> Your assignment
Only the stretch below from the line holding "图片[3]-#Puma Speedcet OG" through the line holding "Manovra di Heimlich, ecco" should be restated, word for word and with both ends included; pictures stay out.

(Beginning of Data extract)

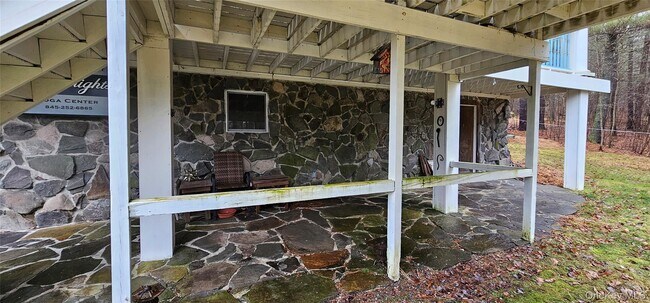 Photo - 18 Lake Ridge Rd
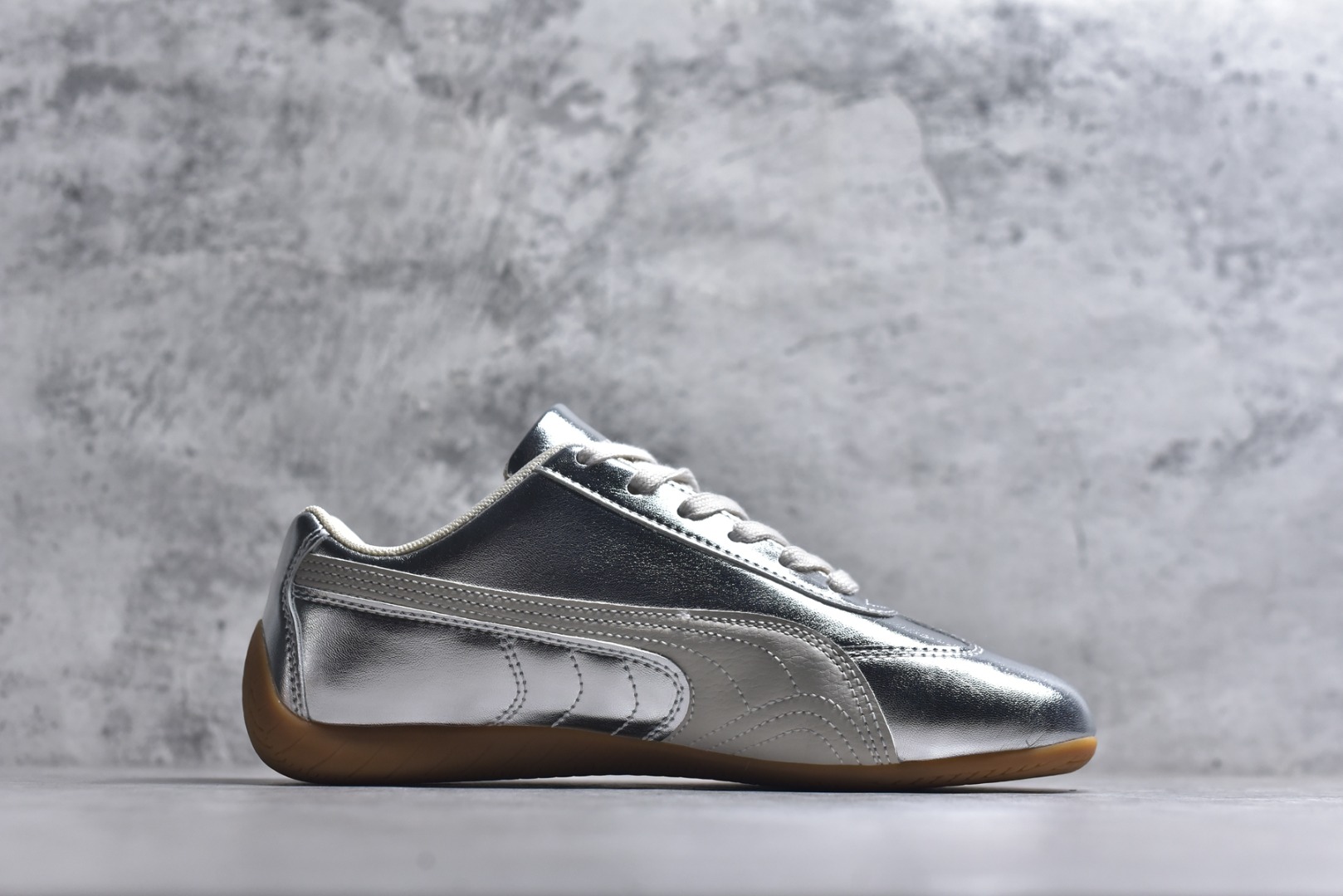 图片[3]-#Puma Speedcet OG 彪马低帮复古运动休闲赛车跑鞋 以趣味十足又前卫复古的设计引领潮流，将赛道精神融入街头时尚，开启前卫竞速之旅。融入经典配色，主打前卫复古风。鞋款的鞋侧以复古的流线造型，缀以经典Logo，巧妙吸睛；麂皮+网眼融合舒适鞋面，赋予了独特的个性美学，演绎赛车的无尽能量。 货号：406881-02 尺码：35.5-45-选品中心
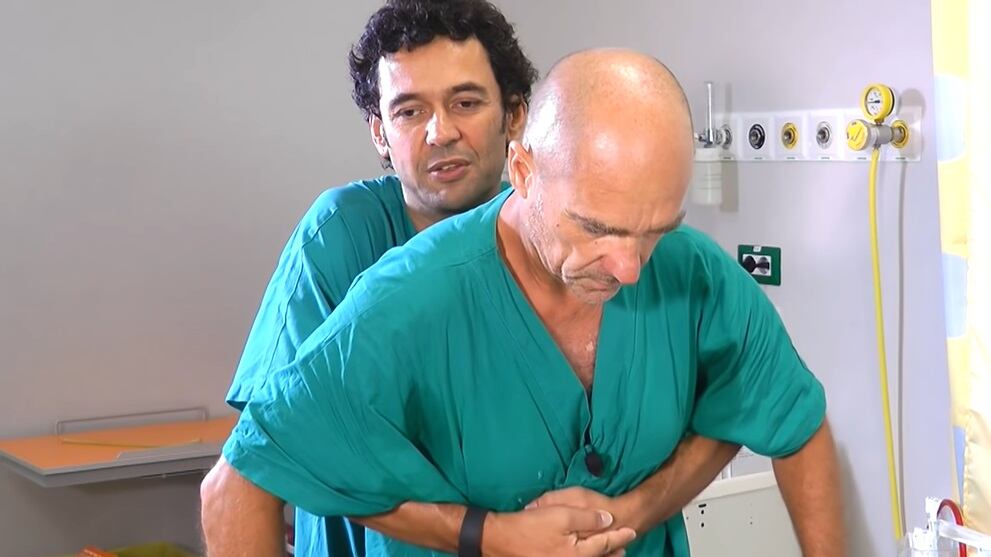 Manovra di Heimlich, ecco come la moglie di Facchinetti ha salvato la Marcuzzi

(End of Data extract)
(Beginning of Data extract)

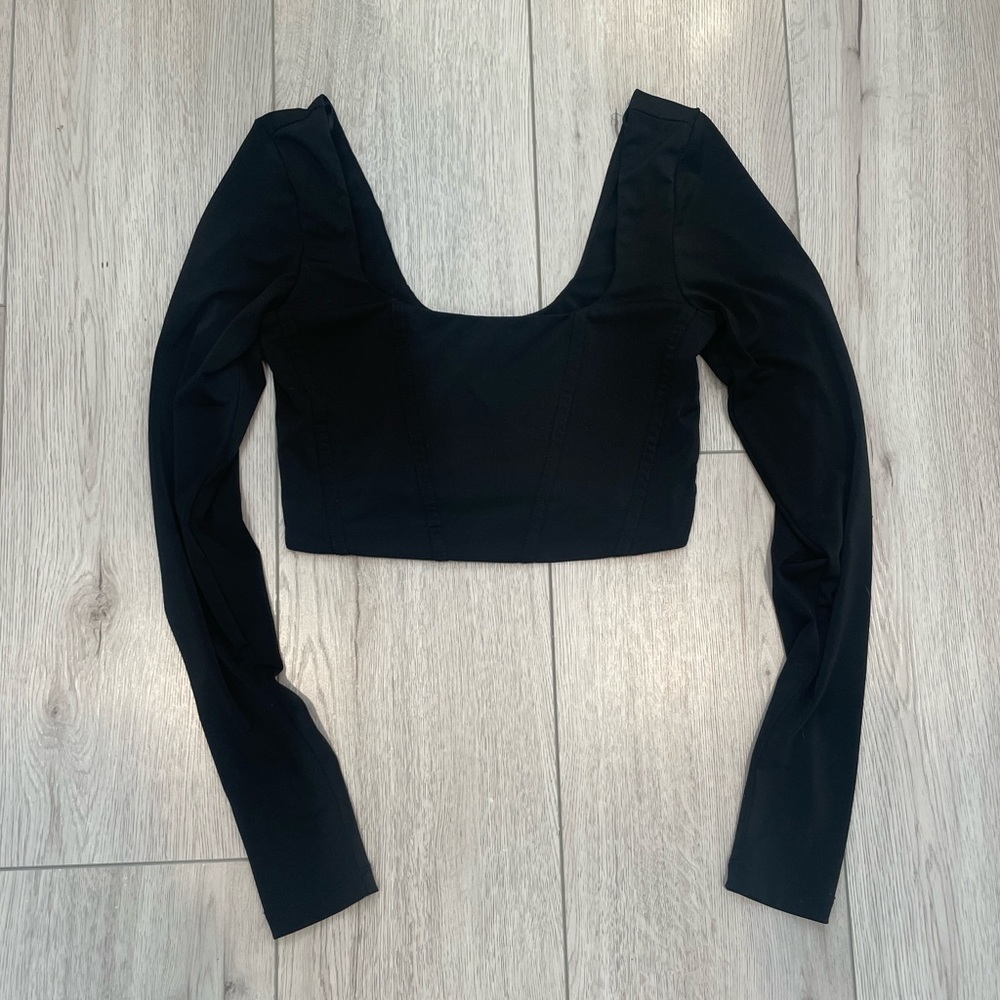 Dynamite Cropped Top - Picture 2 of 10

(End of Data extract)
(Beginning of Data extract)

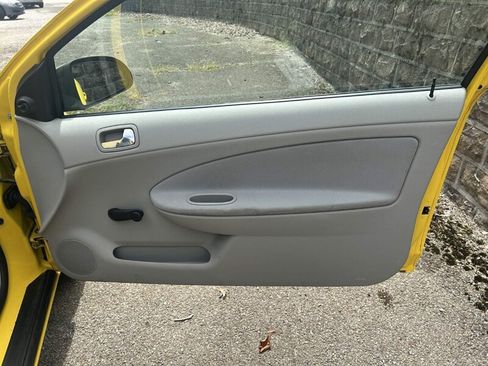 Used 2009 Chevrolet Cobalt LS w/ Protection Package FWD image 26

(End of Data extract)

> Response box
 图片[3]-#Puma Speedcet OG 彪马低帮复古运动休闲赛车跑鞋 以趣味十足又前卫复古的设计引领潮流，将赛道精神融入街头时尚，开启前卫竞速之旅。融入经典配色，主打前卫复古风。鞋款的鞋侧以复古的流线造型，缀以经典Logo，巧妙吸睛；麂皮+网眼融合舒适鞋面，赋予了独特的个性美学，演绎赛车的无尽能量。 货号：406881-02 尺码：35.5-45-选品中心
 Manovra di Heimlich, ecco come la moglie di Facchinetti ha salvato la Marcuzzi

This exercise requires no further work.